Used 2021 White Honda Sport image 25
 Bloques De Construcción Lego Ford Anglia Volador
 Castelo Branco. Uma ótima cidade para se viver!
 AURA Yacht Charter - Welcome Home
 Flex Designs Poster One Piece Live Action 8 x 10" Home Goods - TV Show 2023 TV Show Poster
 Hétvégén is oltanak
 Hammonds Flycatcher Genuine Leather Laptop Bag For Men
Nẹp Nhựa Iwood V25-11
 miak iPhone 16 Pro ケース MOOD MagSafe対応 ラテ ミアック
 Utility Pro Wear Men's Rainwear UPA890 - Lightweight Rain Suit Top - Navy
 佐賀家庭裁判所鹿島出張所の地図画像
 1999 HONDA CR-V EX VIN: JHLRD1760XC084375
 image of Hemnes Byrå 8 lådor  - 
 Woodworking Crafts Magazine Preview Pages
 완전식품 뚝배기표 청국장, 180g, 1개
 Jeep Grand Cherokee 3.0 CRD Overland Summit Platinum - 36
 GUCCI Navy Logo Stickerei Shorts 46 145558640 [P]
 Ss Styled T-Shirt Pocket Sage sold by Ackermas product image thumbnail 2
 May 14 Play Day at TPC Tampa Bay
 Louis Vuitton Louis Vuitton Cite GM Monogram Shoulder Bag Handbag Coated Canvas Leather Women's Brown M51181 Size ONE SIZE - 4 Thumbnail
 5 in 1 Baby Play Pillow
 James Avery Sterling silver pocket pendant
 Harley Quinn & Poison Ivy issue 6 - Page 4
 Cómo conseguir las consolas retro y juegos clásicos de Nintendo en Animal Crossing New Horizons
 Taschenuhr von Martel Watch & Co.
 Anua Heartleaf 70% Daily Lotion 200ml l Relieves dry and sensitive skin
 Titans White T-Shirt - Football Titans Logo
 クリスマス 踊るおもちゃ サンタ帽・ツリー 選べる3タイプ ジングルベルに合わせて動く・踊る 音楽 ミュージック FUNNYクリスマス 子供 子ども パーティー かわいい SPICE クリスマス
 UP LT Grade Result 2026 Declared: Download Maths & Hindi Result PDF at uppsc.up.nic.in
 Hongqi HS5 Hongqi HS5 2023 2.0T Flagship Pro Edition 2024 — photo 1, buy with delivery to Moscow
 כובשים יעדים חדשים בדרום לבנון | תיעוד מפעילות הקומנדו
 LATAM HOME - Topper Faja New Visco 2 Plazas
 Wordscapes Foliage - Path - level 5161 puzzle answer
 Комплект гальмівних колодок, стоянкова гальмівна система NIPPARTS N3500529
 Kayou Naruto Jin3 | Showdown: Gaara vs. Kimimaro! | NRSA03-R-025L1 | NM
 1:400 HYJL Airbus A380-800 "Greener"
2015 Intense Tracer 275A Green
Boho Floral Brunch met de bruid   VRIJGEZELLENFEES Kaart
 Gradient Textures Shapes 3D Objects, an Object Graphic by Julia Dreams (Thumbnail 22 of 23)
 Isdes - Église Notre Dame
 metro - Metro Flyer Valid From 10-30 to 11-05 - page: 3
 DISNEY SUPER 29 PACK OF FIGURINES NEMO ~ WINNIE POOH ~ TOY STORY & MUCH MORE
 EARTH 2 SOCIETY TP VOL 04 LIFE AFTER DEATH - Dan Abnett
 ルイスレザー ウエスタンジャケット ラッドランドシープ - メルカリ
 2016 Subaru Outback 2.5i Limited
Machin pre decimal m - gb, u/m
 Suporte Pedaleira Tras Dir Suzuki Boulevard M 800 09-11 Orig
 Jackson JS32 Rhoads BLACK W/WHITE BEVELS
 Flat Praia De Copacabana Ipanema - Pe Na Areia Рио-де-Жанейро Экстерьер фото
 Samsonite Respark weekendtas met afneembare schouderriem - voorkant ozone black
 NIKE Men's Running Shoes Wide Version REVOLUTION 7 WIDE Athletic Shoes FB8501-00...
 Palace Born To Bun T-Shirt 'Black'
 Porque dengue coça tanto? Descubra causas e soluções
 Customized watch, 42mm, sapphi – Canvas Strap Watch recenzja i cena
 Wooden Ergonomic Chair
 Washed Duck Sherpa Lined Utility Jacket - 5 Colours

REQUIRED ACTION –
Please state how many lines hold the string "Play" in the listing above, giving the figure alone.

OUTPUT FOR THIS TASK –
2